05/03/2025
È SCOMPARSO BRUNO PIZZUL
La storica voce del giornalismo italiano si è spenta all' età di 86 anni. Nella stagione 1960-61, ben prima di intraprendere la sua professione di telecronista, militò come difensore nell' Ischia Calcio fresca di fusione con la Bagnolese. Il campionato non andò a buon fine per gli isolani che con 6 vittorie su 34 partite retrocedettero. Il friulano soprannominato dai tifosi "canna di zucchero" per il suo fisico alto e snello disputò solamente 5 partite. Tuttavia il ricordo e il legame con l' isola continuò anche a decenni di distanza quando nel 1986-87 dedicò un articolo a Impagliazzo e compagni per la storica promozione in C1.
Un telecronista pentito
“Ed è arrivato anche il gran giorno dell’Ischia: il calcio isolano festeggia, con legittimo orgoglio, la promozione in serie C1. Io chiedo il permesso di associarmi, nel ricordo di un’ormai lontana e fugace milizia nelle file del calcio ischitano. Arrivai in prestito dal Catania, nell’autunno del 1960, avevo un ginocchio in disordine, poco più di vent’anni, la consapevolezza che non sarei diventato un campione: accettai dunque quel trasferimento con entusiasmo, se non altro perché mi avrebbe consentito di giocare ogni domenica. La squadra disputava il campionato di quarta serie, andava maluccio e il mio arrivo, contrariamente alle speranze di dirigenti e tifosi, non determinò alcuna inversione di tendenza.

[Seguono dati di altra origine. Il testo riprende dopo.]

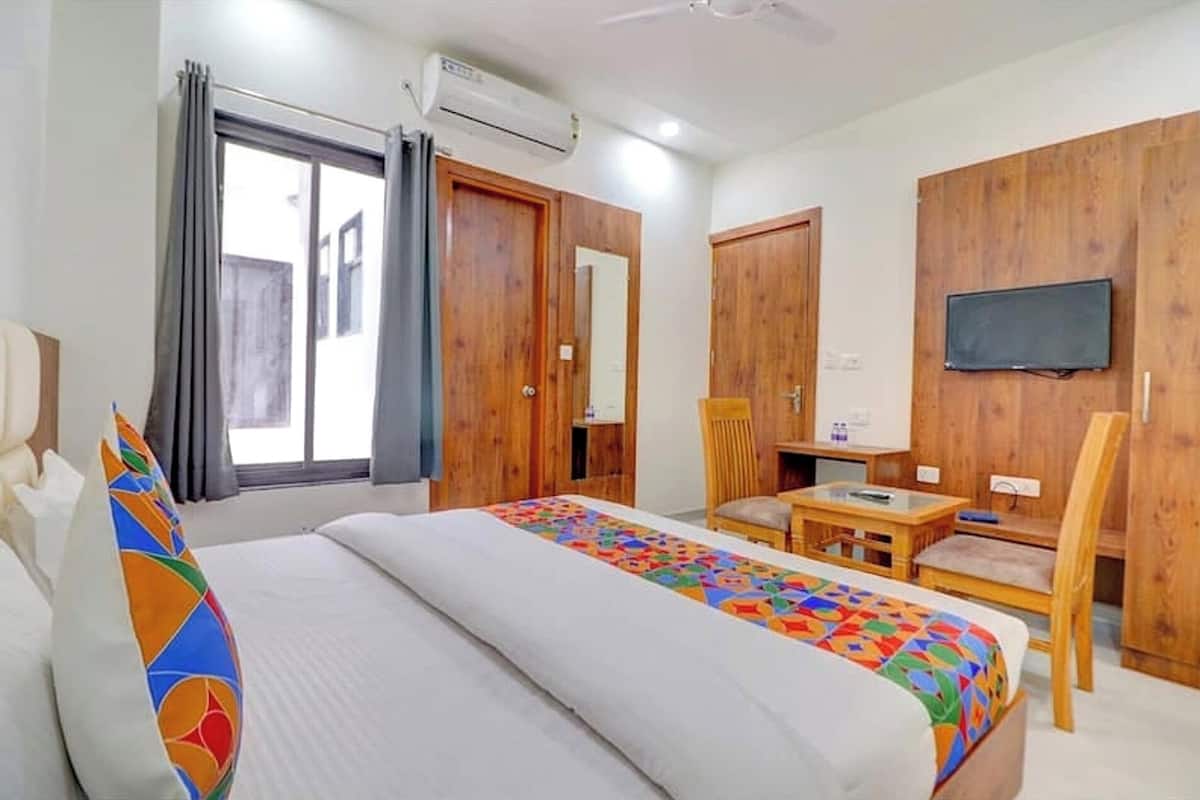 Classic Double Room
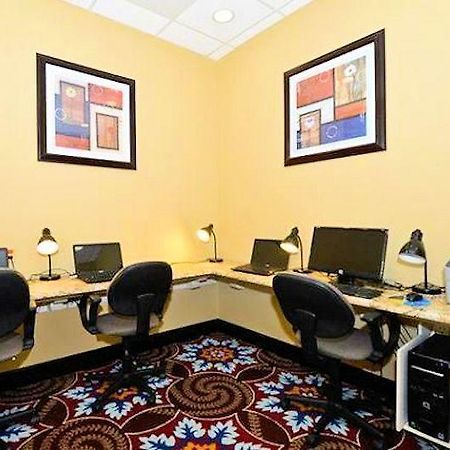Causeway Bay Hotel ランシング エクステリア 写真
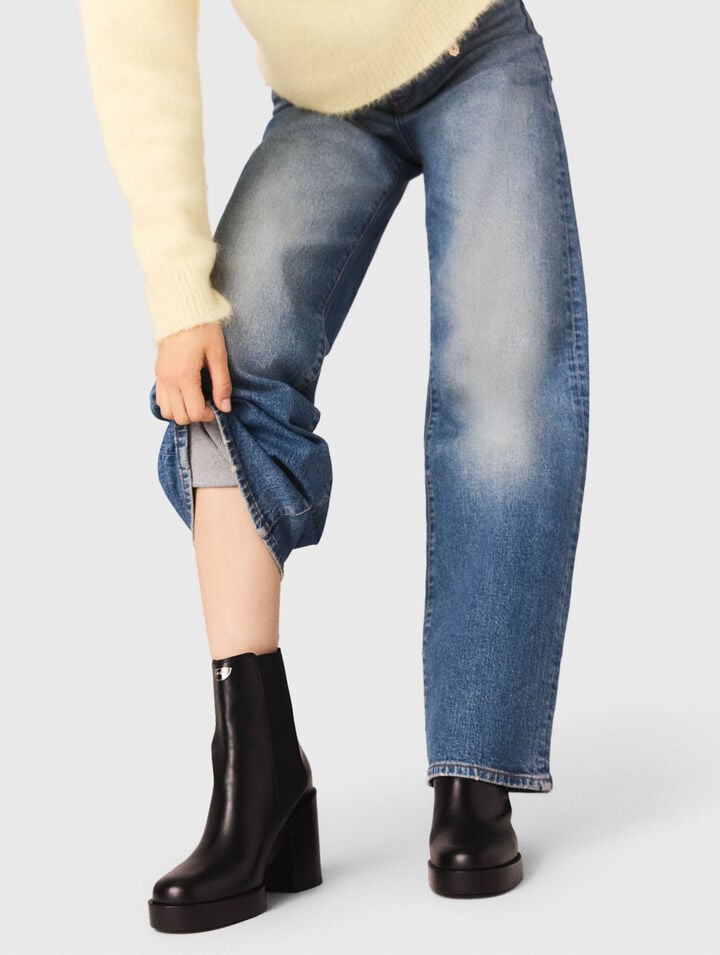 Heeled leather Chelsea boots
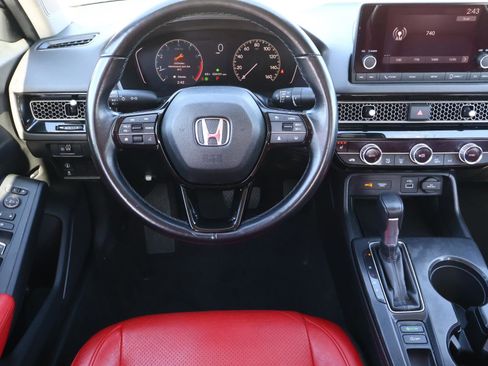 Used 2024 Honda Civic EX image 9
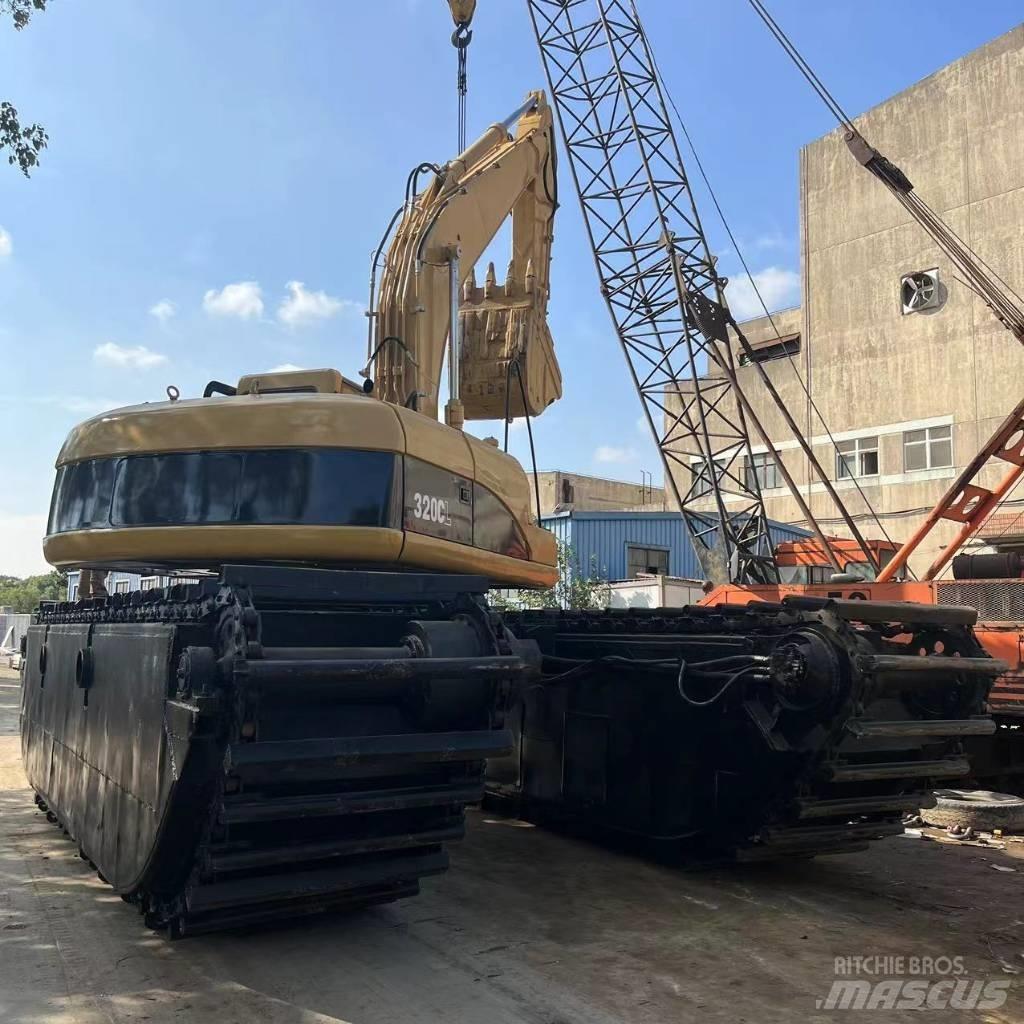 CAT 320 C Екскаватори-амфібії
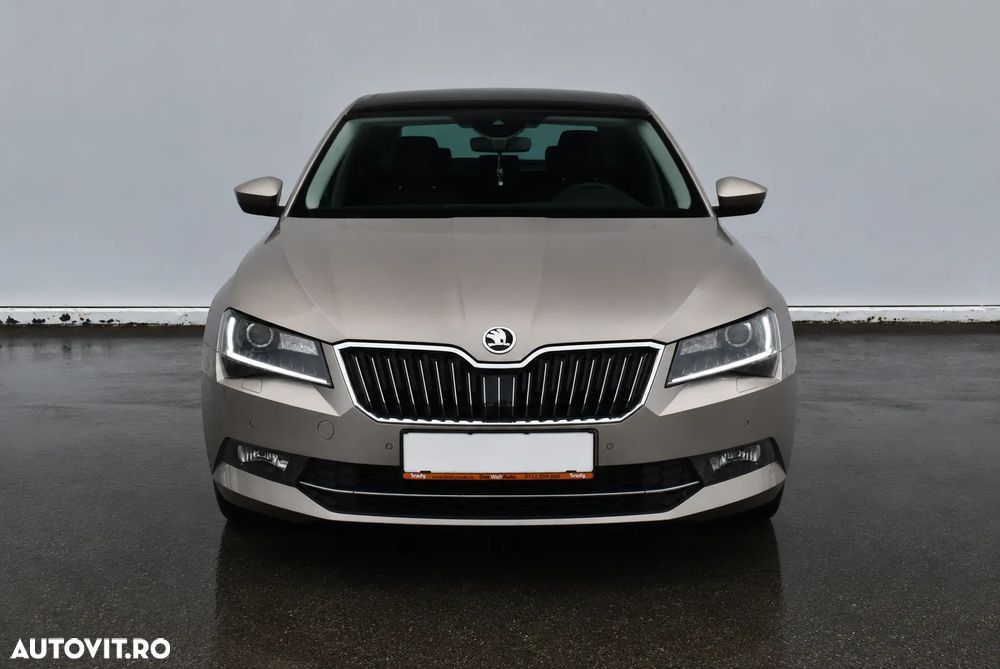 Skoda Superb 2.0 TSI DSG Style - 10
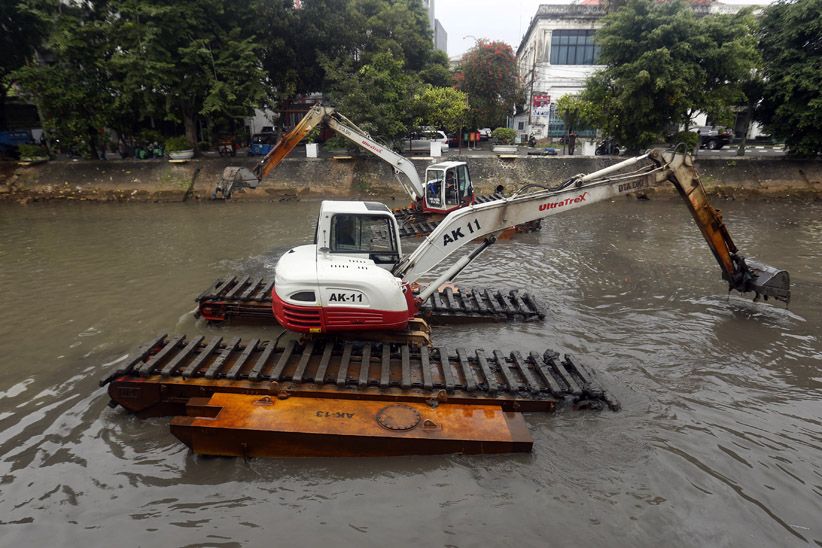 Anak Sungai Ciliwung Dinormalisasi untuk Cegah Pendangkalan - Bagian 1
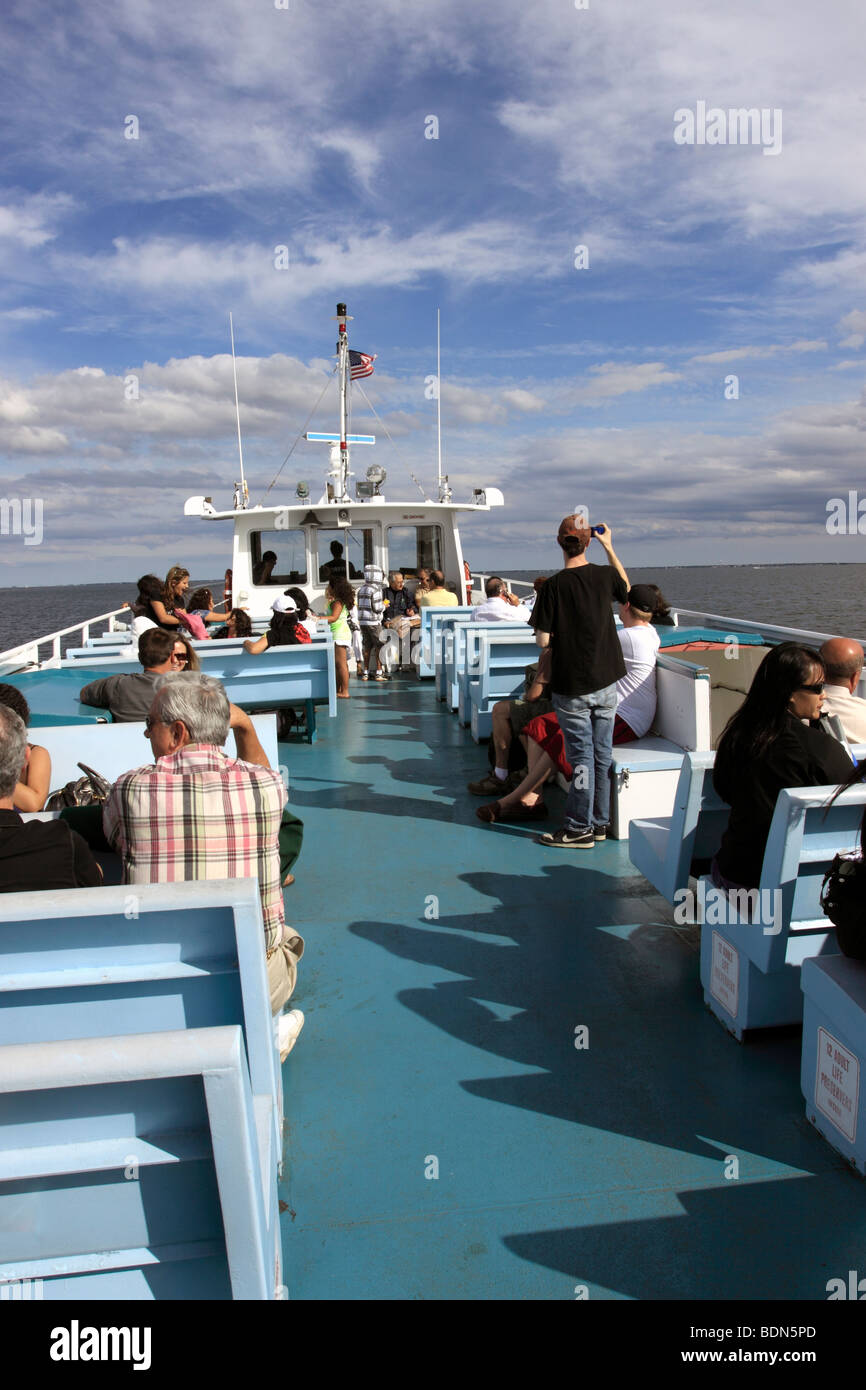 Fire island ferry hires stock photography and images Alamy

Rimasi nell’isola una breve stagione, prima di tornare a Catania, ma quel rapido soggiorno fu sufficiente a farmi conoscere ed apprezzare il fascino di Ischia, splendida di paesaggi e calore umano soprattutto quando non è soffocata dalle orde disordinate e distraenti dei turisti. Rammento in particolare i continui e spesso avventurosi viaggi in traghetto per le trasferte e per la frequenza all’università di Napoli: quel braccio di mare allo scoperto, tra Procida e Capo Miseno, d’inverno diventa insidiosissima e più di una volta l’imbarcazione era costretta a tornare al coperto. Ma ricordo pure quel gran signore di Filippo Ferrandino, che era un po’ il riferimento obbligato del calcio ischitano, i compagni tra i quali figurava Ernesto Milano, il professore che adesso fa il fisioterapista alla scuola di calcio di Bruscolotti (dopo esser stato anche al Napoli), il campetto di Porto d’Ischia, lassù tra i pini con la gente a mezzo metro dal campo, a soffiarti addosso il suo entusiasmo, la sua disapprovazione. Era un calcio ruspante, quasi paesano, fatto di umori genuini: non conosco l’attuale realtà, ma suppongo che qualcosa di quella spontaneità sia rimasta nel mondo del pallone ischitano che ora s’affaccia alla grande ribalta. Sì, perché la serie C1 comincia a essere un palcoscenico di tutto rispetto. Il presidente Fiore può esser fiero dei suoi ragazzi ai quali chiedo di accettare il mio sincero compiacimento”.